Material and Methods
We selected two trees ⁓50 m apart in each of two forest patches on the campus of the University of Massachusetts-Amherst in Amherst, Mass., USA (Fig. A1); each pair of trees consisted of a northern red oak (Quercus rubra L.) and a red maple (Acer rubrum L.). Both sites were in USDA Hardiness Zone 5a and were characterized by an herbaceous stratum of ferns (e.g., Dennstaedtia punctilobula(Michx.) T.Moore, Polystichum acrostichoides (Michx.) Schott), wild sarsaparilla (Aralia nudicaulis L.), white wood aster (Eurybia divaricata (L.) G.L.Nesom), star flower (Lysimachia borealis (Raf.) U.Manns & Anderb), Canada mayflower (Maianthemum canadense Desf.), partridge berry (Mitchella repens L.), and Solomon’s seal (Polygonatum spp .).

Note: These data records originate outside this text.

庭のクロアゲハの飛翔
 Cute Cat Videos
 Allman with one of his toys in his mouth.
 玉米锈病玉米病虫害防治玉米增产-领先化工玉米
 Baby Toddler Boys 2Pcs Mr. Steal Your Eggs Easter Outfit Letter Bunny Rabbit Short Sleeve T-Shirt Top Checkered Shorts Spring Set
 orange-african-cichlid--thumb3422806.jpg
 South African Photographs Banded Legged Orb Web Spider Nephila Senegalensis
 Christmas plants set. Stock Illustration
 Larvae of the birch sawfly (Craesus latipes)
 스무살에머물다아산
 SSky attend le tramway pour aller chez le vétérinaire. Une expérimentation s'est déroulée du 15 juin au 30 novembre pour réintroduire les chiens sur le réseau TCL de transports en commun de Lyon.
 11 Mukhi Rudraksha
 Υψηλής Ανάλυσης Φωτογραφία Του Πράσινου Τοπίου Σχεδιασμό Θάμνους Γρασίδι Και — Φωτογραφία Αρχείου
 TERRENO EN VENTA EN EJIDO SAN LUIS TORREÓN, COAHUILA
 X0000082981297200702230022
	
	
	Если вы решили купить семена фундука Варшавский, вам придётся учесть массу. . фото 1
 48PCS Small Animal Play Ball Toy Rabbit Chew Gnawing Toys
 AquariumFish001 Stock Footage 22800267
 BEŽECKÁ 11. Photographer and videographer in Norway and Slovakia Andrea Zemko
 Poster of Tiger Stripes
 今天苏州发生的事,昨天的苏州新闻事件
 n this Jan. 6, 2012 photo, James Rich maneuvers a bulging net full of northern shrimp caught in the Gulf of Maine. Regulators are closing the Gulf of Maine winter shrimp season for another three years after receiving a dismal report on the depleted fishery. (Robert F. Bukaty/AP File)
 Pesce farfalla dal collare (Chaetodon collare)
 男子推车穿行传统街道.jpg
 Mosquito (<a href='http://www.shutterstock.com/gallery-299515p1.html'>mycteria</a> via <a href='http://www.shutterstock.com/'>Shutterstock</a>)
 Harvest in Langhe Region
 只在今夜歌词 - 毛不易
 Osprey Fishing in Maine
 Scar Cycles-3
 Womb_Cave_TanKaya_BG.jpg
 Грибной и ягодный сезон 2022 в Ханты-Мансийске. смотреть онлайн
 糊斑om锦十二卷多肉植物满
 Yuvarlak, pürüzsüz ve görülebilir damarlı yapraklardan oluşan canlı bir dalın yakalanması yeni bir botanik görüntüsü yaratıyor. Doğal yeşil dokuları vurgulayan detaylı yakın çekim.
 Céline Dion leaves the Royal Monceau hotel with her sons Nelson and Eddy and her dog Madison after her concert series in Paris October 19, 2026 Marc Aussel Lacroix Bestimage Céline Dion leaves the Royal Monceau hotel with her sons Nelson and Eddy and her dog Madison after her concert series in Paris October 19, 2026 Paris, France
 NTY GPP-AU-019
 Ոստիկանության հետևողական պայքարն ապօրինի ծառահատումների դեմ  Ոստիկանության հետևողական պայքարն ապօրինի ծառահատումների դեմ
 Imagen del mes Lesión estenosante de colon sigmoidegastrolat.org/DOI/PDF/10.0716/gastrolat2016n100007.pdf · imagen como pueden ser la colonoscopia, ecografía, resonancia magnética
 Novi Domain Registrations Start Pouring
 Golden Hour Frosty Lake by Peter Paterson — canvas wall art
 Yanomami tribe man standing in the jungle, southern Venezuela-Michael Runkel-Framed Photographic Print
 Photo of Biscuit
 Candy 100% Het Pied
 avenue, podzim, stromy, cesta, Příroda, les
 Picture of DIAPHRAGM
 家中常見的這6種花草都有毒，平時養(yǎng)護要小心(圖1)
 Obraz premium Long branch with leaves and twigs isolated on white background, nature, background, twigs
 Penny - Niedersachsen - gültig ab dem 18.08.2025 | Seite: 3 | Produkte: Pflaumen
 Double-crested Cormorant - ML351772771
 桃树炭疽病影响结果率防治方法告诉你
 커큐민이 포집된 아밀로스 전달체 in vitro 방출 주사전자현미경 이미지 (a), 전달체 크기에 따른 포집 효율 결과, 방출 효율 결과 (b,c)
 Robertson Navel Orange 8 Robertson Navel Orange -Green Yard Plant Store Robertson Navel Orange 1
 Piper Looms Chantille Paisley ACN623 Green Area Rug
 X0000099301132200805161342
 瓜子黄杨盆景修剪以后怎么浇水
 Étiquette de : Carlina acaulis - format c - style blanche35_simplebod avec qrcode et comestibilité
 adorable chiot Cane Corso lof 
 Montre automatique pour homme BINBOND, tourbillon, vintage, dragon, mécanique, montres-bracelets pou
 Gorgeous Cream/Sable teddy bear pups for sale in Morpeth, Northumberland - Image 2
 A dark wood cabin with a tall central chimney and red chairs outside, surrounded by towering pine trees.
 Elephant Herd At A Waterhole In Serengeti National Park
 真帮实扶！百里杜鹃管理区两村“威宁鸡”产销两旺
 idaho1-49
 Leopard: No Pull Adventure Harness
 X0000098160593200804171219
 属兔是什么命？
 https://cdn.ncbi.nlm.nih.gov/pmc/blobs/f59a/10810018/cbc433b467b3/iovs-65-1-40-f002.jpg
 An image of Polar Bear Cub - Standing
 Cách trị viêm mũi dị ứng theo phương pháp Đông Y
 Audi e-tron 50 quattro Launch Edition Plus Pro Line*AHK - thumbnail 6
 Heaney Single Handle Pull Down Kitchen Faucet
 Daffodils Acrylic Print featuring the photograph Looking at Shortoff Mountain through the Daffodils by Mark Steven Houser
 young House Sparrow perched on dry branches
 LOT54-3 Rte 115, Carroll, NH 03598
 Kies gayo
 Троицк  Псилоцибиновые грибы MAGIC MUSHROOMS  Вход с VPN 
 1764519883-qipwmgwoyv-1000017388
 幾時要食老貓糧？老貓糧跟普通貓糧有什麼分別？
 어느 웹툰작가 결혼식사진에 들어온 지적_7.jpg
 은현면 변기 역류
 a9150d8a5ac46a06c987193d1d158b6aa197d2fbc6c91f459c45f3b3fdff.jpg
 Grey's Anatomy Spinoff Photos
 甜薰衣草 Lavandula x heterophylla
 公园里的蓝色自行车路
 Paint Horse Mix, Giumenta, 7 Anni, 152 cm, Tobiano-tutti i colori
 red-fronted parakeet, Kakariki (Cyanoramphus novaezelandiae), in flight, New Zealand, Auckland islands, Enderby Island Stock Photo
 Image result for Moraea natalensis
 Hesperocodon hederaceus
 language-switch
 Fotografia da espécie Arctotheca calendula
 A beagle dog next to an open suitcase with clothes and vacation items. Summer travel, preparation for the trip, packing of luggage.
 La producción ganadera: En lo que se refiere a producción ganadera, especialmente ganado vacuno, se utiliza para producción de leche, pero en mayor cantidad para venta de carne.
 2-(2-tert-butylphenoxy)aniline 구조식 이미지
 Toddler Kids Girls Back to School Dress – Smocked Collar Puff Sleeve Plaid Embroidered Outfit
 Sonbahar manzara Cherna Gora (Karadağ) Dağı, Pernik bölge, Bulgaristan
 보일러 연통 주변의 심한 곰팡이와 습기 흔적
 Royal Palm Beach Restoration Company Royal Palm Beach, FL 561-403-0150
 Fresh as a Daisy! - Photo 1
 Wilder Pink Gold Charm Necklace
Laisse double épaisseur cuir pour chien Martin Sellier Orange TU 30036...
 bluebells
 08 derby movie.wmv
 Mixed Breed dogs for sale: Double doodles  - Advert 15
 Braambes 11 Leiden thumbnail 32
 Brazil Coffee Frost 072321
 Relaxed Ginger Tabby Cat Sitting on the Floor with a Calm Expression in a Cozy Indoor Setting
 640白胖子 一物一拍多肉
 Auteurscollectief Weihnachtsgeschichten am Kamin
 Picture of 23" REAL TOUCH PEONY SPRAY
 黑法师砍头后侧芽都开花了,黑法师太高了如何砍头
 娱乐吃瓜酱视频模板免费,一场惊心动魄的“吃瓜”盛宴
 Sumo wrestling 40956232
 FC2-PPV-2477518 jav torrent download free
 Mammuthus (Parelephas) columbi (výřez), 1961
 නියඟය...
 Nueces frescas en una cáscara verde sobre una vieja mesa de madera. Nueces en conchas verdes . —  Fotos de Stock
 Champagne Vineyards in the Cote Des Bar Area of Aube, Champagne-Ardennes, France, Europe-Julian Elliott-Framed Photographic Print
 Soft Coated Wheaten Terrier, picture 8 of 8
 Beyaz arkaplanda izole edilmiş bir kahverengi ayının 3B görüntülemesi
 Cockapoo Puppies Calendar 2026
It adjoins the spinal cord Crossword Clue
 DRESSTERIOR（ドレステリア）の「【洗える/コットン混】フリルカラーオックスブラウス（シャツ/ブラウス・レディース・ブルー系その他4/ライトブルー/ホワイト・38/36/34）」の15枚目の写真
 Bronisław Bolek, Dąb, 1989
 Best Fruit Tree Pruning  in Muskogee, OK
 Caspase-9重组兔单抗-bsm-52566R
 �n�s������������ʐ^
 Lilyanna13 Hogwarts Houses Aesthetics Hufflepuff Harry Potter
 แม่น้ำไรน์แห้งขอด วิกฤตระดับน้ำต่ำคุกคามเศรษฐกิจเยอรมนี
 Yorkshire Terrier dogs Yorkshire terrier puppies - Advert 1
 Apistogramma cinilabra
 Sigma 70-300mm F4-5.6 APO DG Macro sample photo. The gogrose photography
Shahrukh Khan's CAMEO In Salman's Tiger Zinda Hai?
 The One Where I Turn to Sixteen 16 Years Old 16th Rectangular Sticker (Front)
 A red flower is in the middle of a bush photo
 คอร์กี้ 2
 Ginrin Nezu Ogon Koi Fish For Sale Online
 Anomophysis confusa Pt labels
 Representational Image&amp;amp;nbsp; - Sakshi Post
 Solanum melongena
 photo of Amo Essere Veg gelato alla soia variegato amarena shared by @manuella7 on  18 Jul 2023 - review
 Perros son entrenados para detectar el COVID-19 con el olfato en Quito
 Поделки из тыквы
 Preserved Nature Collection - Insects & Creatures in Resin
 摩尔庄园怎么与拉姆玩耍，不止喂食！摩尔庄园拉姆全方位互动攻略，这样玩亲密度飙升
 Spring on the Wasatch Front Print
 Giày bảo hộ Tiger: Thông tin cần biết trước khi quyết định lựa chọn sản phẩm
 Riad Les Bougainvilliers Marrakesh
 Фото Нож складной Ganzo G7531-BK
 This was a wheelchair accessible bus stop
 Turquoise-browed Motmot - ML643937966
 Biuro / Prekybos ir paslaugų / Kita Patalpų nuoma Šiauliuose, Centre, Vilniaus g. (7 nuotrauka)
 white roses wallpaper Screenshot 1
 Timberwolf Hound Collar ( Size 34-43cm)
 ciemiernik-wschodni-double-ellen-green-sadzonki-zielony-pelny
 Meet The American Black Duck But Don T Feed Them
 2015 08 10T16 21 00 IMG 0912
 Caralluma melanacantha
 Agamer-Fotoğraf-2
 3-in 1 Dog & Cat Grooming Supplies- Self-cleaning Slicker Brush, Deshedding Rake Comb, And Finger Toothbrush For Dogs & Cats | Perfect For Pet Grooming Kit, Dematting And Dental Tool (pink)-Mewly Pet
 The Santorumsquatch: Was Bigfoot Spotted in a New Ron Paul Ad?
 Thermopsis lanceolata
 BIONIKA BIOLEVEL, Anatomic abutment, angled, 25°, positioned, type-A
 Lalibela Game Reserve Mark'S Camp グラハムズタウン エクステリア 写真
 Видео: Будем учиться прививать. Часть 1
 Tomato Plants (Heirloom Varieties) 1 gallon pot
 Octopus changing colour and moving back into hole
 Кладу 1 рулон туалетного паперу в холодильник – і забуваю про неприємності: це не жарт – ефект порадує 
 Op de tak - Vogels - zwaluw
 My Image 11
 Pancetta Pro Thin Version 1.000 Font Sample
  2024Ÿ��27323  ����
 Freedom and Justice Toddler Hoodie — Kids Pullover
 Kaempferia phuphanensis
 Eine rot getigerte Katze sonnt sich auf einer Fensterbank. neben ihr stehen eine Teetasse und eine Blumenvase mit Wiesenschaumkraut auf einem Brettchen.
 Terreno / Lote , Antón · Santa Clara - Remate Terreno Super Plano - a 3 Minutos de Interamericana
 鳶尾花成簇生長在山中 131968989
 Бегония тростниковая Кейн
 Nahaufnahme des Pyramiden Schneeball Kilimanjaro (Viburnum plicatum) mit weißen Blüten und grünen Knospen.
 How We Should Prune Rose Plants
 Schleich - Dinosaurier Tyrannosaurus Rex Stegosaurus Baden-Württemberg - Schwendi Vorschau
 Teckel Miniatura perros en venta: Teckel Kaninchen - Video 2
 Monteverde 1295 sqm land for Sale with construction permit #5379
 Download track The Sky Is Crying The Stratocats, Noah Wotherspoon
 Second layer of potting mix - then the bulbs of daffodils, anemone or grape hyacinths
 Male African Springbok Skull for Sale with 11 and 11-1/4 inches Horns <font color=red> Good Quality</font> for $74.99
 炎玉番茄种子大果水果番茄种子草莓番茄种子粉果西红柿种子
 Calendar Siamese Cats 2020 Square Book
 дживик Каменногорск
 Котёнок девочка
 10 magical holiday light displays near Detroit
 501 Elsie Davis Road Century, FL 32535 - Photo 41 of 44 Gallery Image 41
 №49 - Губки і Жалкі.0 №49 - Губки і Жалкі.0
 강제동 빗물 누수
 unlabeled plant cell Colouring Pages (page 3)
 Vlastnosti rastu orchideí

The understory of these sites consisted of brambles (Rubus spp. ), poison ivy (Toxicodendron radicans (L.) Kuntze), maple-leaf viburnum (Viburnum acerifolium L.), witch hazel (Hamamelis virginiana L.), glossy buckthorn (Rhamnus cathartica L.), and seedlings of the dominant canopy trees (e.g., A. rubrum, A. saccharum Marshall, Betula lenta L., B. papyriferaMarshall, Q. rubra and Q. alba L.). We chose A. rubrum and Q. rubra because they are dominant species in forests of the area and represent different flowering systems and blooming times that span the duration of most available floral resources in these canopies. We chose these forest patches due to their accessibility and general representation of dominant species in forests of the area.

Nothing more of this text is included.